- **Records shown**:
********

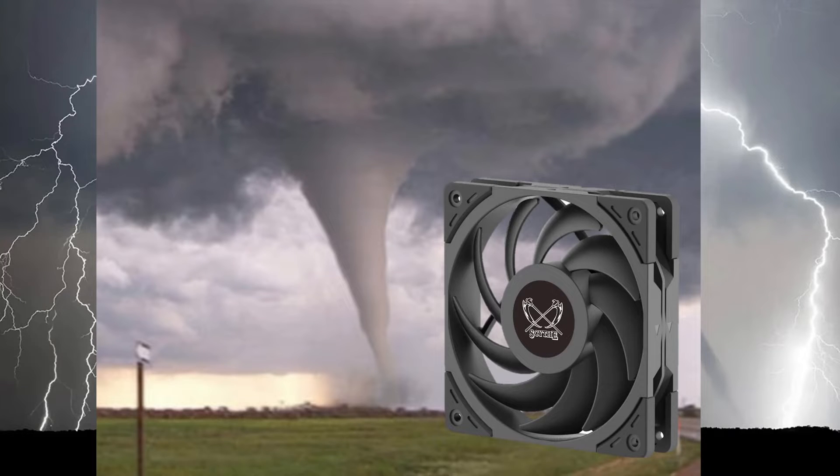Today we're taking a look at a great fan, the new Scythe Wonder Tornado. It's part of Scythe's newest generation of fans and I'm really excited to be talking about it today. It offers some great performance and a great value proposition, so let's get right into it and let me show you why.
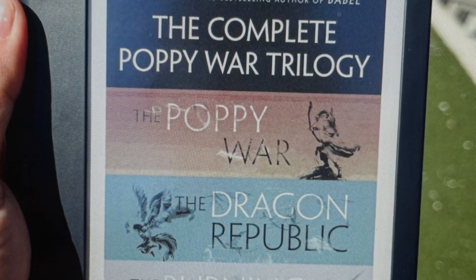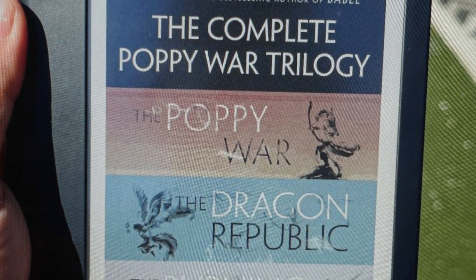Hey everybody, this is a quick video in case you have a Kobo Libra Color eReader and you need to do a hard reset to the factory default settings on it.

********

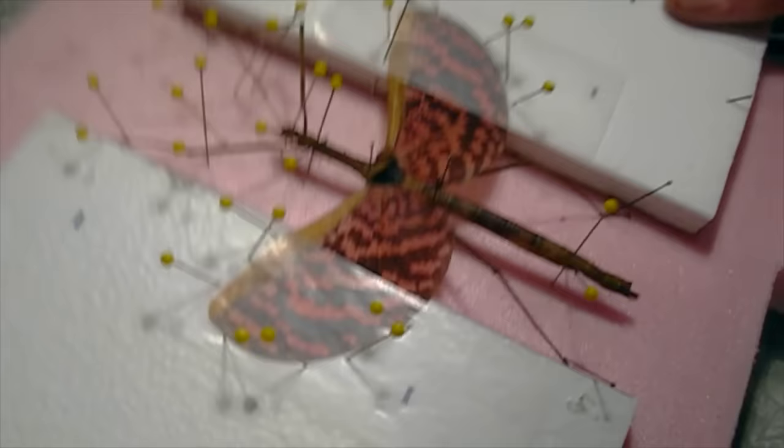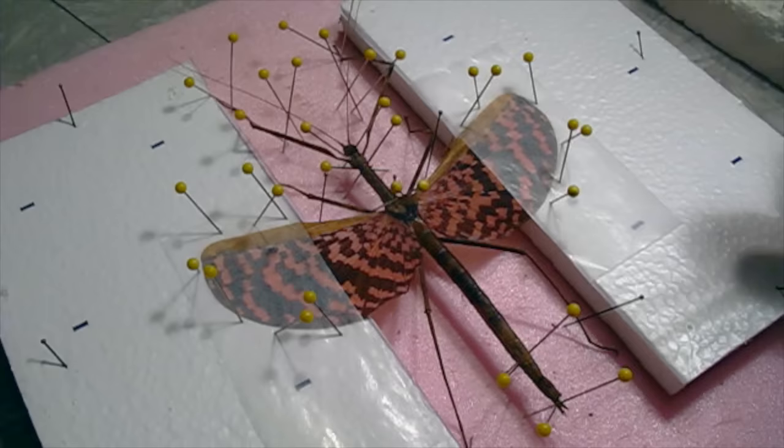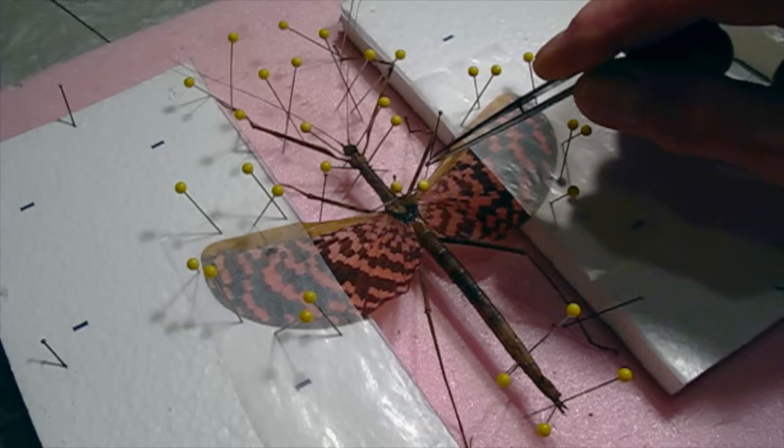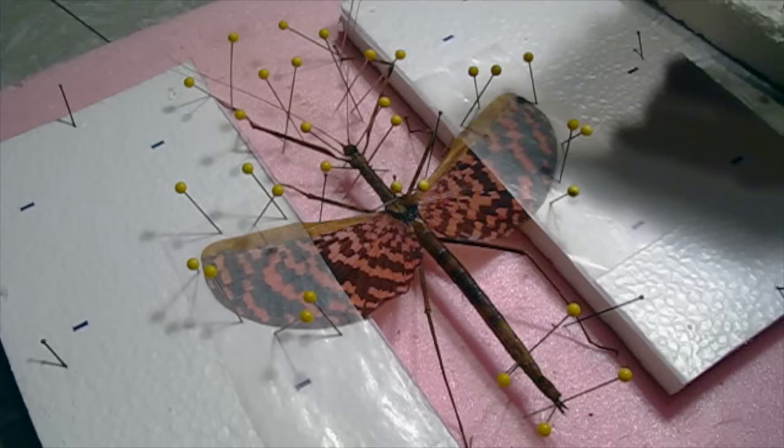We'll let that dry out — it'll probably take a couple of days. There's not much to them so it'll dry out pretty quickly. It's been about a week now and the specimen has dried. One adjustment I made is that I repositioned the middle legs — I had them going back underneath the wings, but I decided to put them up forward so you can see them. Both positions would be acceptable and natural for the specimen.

********

- **Work order**:
Above are some entries. Restate word for word the lines from the one holding "Today we're taking" through the one holding "Hey everybody, this", but not the pictures.

- **Your solution**:
Today we're taking a look at a great fan, the new Scythe Wonder Tornado. It's part of Scythe's newest generation of fans and I'm really excited to be talking about it today. It offers some great performance and a great value proposition, so let's get right into it and let me show you why.
Hey everybody, this is a quick video in case you have a Kobo Libra Color eReader and you need to do a hard reset to the factory default settings on it.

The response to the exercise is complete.